Task to complete: Return each entry below exactly. Skip the images.

(Short text fragments from websites)
++++++++++++++++++++

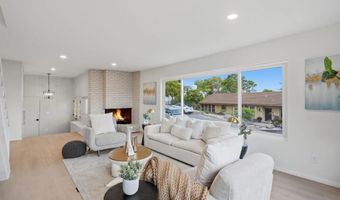 810 Omar Dr, Escondido, CA 92025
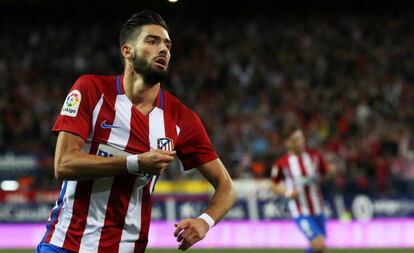 Carrasco, en un partido de Liga con el Atlético en 2016.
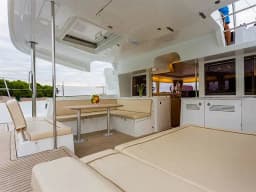 Lagoon 450 Fly in Santorini / Vlichada port thumbnail 9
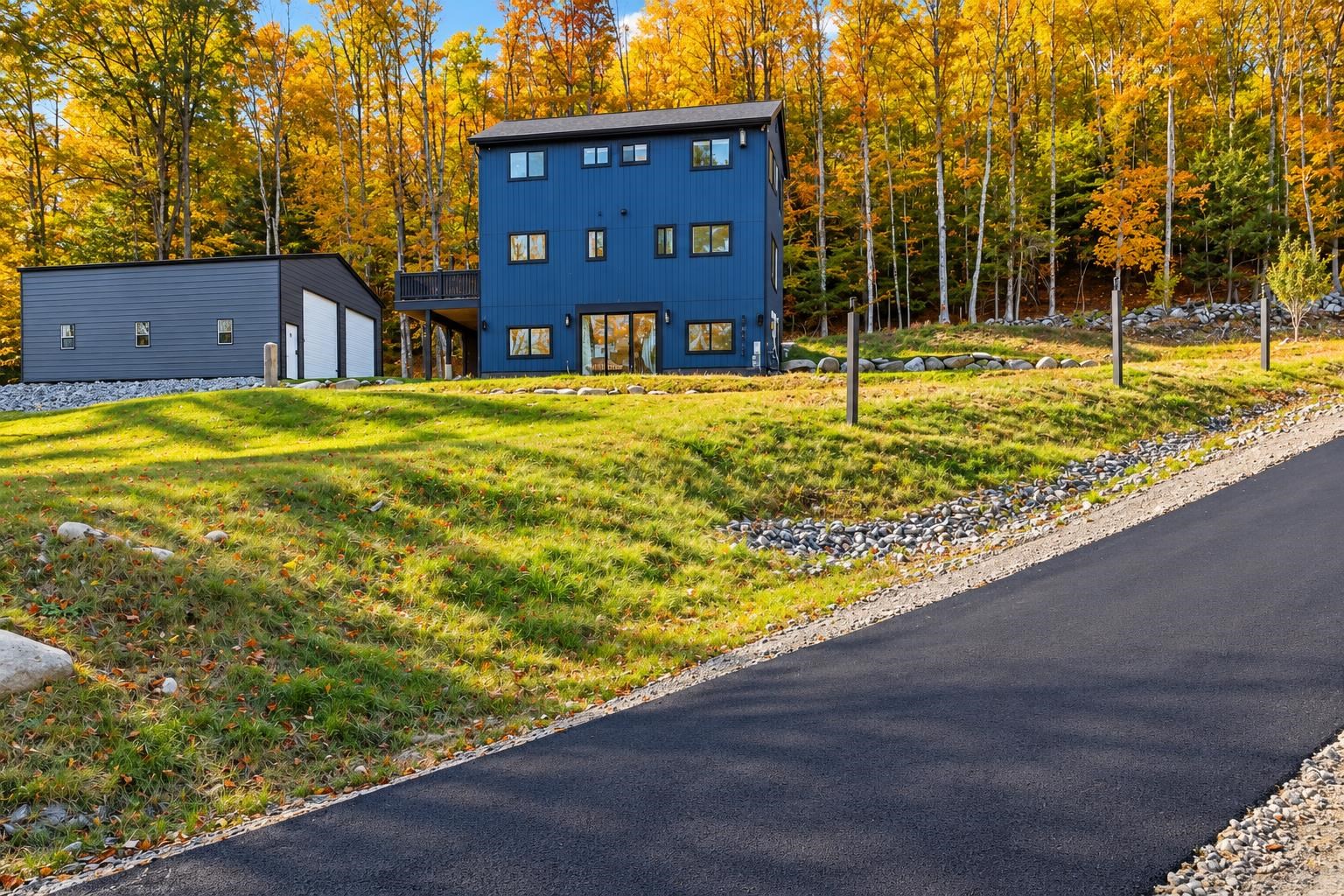 Photo 2 of Single family home for sale at 253 Upper Mad River Rd, Thornton, NH 03285 | MLS# 5088295 | Listing updated on 2026-10-07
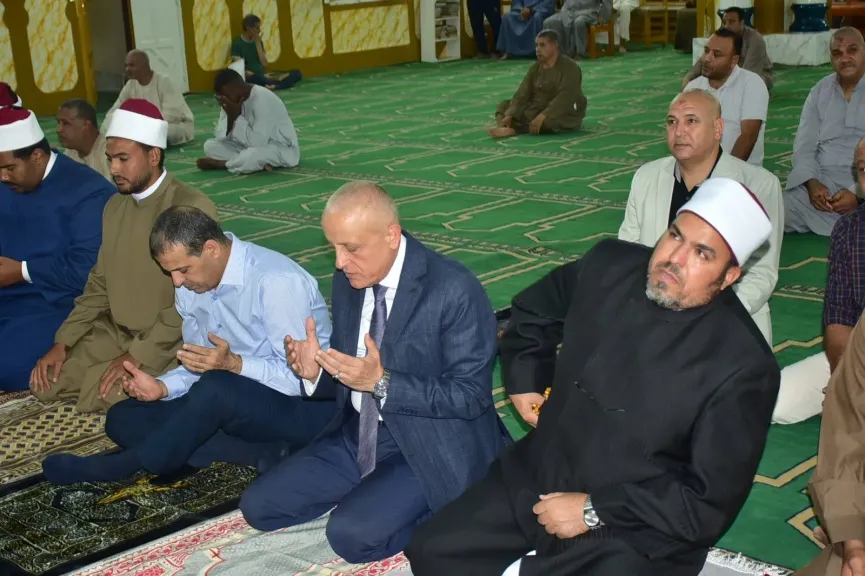 محافظ الأقصر يشهد احتفالية الأوقاف بالمولد النبوي الشريف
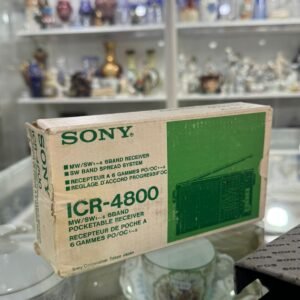 Radio SONY AM onda corta con estuche y manual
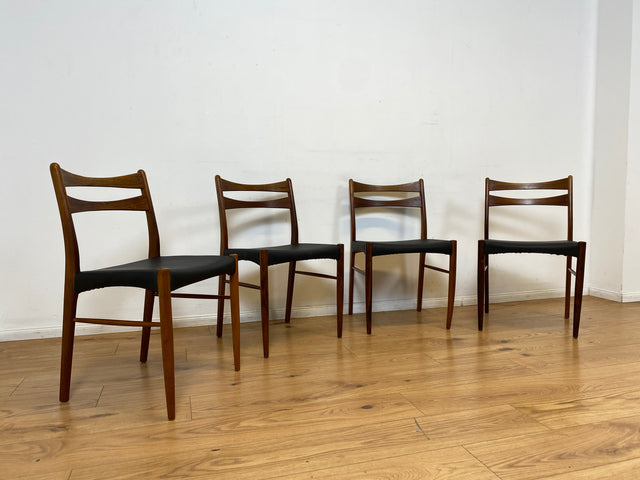 WMK I 4er Set skandinavischer Mid-Century Stühle I aus Teakholz mit schwarzem Kunst Leder Bezug I Esszimmerstühle Küchenstühle Holzstühle Chairs Skai Danish Design Vintage Teak Berlin Bayern Hannover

++++++++++++++++++++

Output below:
 810 Omar Dr, Escondido, CA 92025
 Carrasco, en un partido de Liga con el Atlético en 2016.
 Lagoon 450 Fly in Santorini / Vlichada port thumbnail 9
 Photo 2 of Single family home for sale at 253 Upper Mad River Rd, Thornton, NH 03285 | MLS# 5088295 | Listing updated on 2026-10-07
 محافظ الأقصر يشهد احتفالية الأوقاف بالمولد النبوي الشريف
 Radio SONY AM onda corta con estuche y manual
 WMK I 4er Set skandinavischer Mid-Century Stühle I aus Teakholz mit schwarzem Kunst Leder Bezug I Esszimmerstühle Küchenstühle Holzstühle Chairs Skai Danish Design Vintage Teak Berlin Bayern Hannover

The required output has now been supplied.